Well if you just get a Roamio for the basement you'll get more storage and tuners to record more stuff, transfer recordings between the two, and do multi room viewing. If you get the mini and the Roamio, you'll only have one DVR to record stuff on, but it'll be easier to manage, and you can always get more minis for other rooms. Going with the Roamio and the mini gets you Xfinity OnDemand on both.


----------



## tarheelblue32 (Jan 13, 2014)

Go with the Roamio and Mini combo and save the money you would otherwise be paying comcast. There is no discernable difference in the video quality on the Mini. If the TiVoHD has lifetime service, sell it on ebay for a few hundred bucks.


----------



## aaronwt (Jan 31, 2002)

The video quality difference(if there is one) between the Mini and the Roamio is minimal. Although the Roamio can scale all content to 1080P60(and also has 1080P24 pass through) while the Mini is limited to 1080i scaling for it's highest resolution and 1080P24 pass through.


----------



## HarperVision (May 14, 2007)

aaronwt said:


> The video quality difference(if there is one) between the Mini and the Roamio is minimal. Although the Roamio can scale all content to 1080P60(and also has 1080P24 pass through) while the Mini is limited to 1080i scaling for it's highest resolution and 1080P24 pass through.

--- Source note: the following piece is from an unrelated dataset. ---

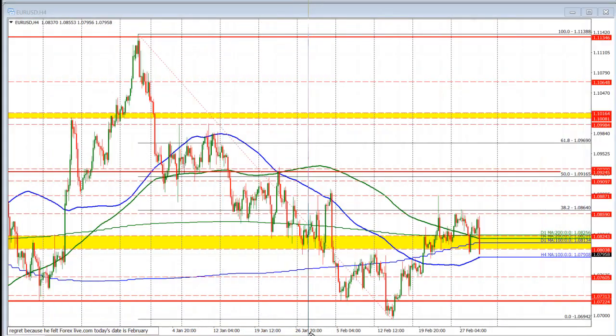Hello ladies and gentlemen, Greg McCloskey from forexlive.com. This is a forex quick look. I'm going to take a look at the euro versus US dollar. So let's get started.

Which makes a lick of difference since no one broadcasts in 1080p60 anyway. 1080i60 and 1080p60 are the exact same "resolution", only the refresh rate is different (i vs p). Only streaming services do 1080p and I'm pretty sure it's 1080p24, which both pass-thru anyway. It's really just a matter of where the better deinterlacer is, the TiVo or the display/video processor/AV receiver.


----------



## JWhites (May 15, 2013)

+1 :up:


----------



## aaronwt (Jan 31, 2002)

HarperVision said:


> Which makes a lick of difference since no one broadcasts in 1080p60 anyway. 1080i60 and 1080p60 are the exact same "resolution", only the refresh rate is different (i vs p). Only streaming services do 1080p and I'm pretty sure it's 1080p24, which both pass-thru anyway. It's really just a matter of where the better deinterlacer is, the TiVo or the display/video processor/AV receiver.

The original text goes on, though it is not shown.